Di jelaskannya, khususnya, tanah hak ulayat adat yang di sileang-leang adalah milik mereka selama ini ikut diklaim oleh Badan Pelaksana Otorita Danau Toba (BPODT) sehingga berperkara kePengadilan Negeri Balige.

Mangatas Butarbutar mengatakan dengan bahasa batak, bahwa atas nama “Pomparan ni Opputa nagabe i dohot tu sude Tim perjuangan. Mauliate ma tadok tu Tuhan pardenggan basai, acara Pemeriksaan /sidang lapangan terhadap tanah adat Op. Ondol Butarbutar di Dusun Sileangleang oleh Majelis Hakim dipimpin Ketua PN Balige Lenny, SH, MH bersama Penggugat dan turut hadir meski mewakili seluruh Tergugat pada Jum’at 24 September 2021, sejak pkl 08.00 – pkl 17.30 wib berjalan dengan lancar,ucapnya.

Dia, tidak lupa menyampaikan terima kasih yang tak terhingga mereka sampaikan juga kepada seluruh pihak yang tidak bisa di sebut satu persatu yang telah turut berdoa membantu dan mensupport sehingga terlaksananya agenda penting dalam proses perjuangan mereka mempertahankan tanah hak ulayat miliknya itu.

Tidak lupa dia berdoa meminta pertolongan Tuhan, “Semoga nanti keputusan majelis hakim yang mengadili perkara ini dituntun Tuhan untuk memberi keadilan dan kemenangan buat kita,” Amin, ucapnya.

Menurutnya, bahwa sidang selanjutnya dengan agenda pemeriksaan saksi-saksi dari pihaknya selaku Penggugat.
Lebih jauh ia menjelaskan, bahwa akibat lahan yang kini masih dalam perkara terkait lahan seluas 120 hektare, dia mengaku bahwa pihaknya warga Sigapiton sudah banyak mengalami cobaan dan tekanan dari kekuasaan, bahkan penderitaan karena beberapa orang harus diproses dan ditahan oleh aparat akibat laporan pihak BPODT kepada pihak yang berwajib, pungkasnya.

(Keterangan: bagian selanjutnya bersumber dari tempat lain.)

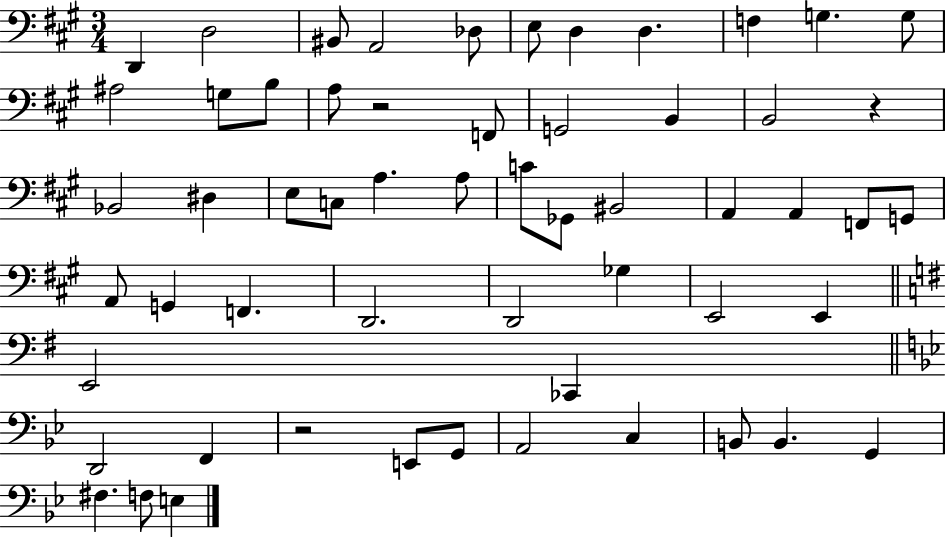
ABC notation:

X:1
T:Untitled
M:3/4
L:1/4
K:A
D,, D,2 ^B,,/2 A,,2 _D,/2 E,/2 D, D, F, G, G,/2 ^A,2 G,/2 B,/2 A,/2 z2 F,,/2 G,,2 B,, B,,2 z _B,,2 ^D, E,/2 C,/2 A, A,/2 C/2 _G,,/2 ^B,,2 A,, A,, F,,/2 G,,/2 A,,/2 G,, F,, D,,2 D,,2 _G, E,,2 E,, E,,2 _C,, D,,2 F,, z2 E,,/2 G,,/2 A,,2 C, B,,/2 B,, G,, ^F, F,/2 E,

Ketika, Dirut BPODT, Jimmy Panjaitan di konfirmasi JPN seputar sidang lapangan yang sudah dilakukan pihak Pengadilan Negeri Balige, belum diperoleh penjelasan pada Sabtu 25/09.
Sementara itu, menanggapi seputar telah dilakukan sidang lapangan oleh pihak Pengadilan Negeri Balige terhadap perkara tanah seluas 120 ha di dusun Sileangleang, Ketua Umum LSM-Dewan Rakyat Pemantau Sengketa (LSM-DERS), Anggiat M Siahaan memberi komentar.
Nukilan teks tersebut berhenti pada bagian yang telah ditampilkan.